- Theatrical release poster
- Directed by: V. Madhusudhana Rao
- Written by: Acharya Aatreya (dialogues)
- Screenplay by: V. Madhusudhana Rao
- Based on: Bhakta Kumbara
- Produced by: N. R. Anuradha Devi
- Starring: Akkineni Nageswara Rao Vanisri
- Cinematography: P. S. Selvaraj
- Edited by: Kotagiri Gopalakrishna Kotagiri Venkateswara Rao
- Music by: G. K. Venkatesh
- Production company: Lakshmi Films Combines
- Release date: 3 February 1977;
- Running time: 142 mins
- Country: India
- Language: Telugu

= Chakradhari (1977 film) =

1977 film directed by V. Madhusudhana Rao

Chakradhari is a 1977 Telugu-language biographical film, based on the life of the potter-turned-saint Gora Kumbhar. It was produced by N. R. Anuradha Devi under the Lakshmi Films Combines banner and directed by V. Madhusudhana Rao. The film stars Akkineni Nageswara Rao and Vanisri, with music composed by G. K. Venkatesh. It is a remake of the 1974 Kannada film Bhakta Kumbara. G.K.Venkatesh, who had composed music for the Kannada version, was chosen as the music director of this movie. 4 songs were retained from the original version.

==Plot==
The film is based on the life of Gora Kumbhar, an advent devotee of Panduranga between the 11th to 12th centuries belonging to Satyapuri village Maharashtra.

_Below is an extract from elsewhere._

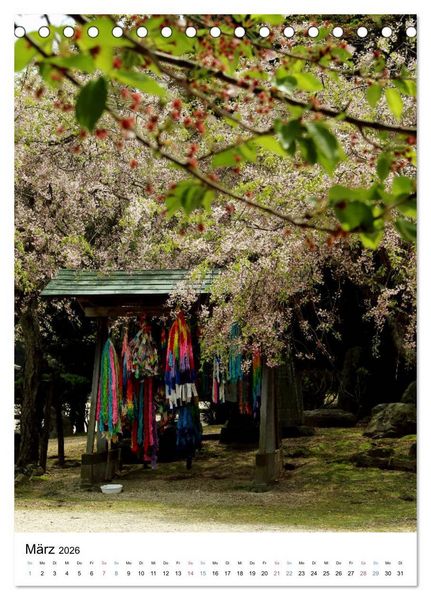 Produktbild: Japan - Kirschbl&uuml;ten (Tischkalender 2026 DIN A5 hoch), CALVENDO Monatskalender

Namdev, a great disciple of the Lord, offers Prasāda to which he does not respond when saint Gynadeva says that he may go for some other devotee. At that moment, self-centered Namadeva declares that no one is superior to him. Parallelly, Gora, a potter, leads a good life with his ideal wife, Lakshmi, and a kid, Vittu. Gora is very kindhearted and ameliorates everyone in the village. However, he is not interested in worldly matters and is constantly immersed in the adoration of Panduranga. Once, Namadeva & Gynadeva, in their tour, halt at Satyapuri, where Gora provides hospitality. Here, Gynadeva orders Gora to acknowledge the state of knowledge from the disciples when Gora affirms Namadeva as a half-knowledge fellow. Knowing this, Namadeva seeks the Lord to endorse his duty when he states to search for a mentor to amend his deficiency, and he moves.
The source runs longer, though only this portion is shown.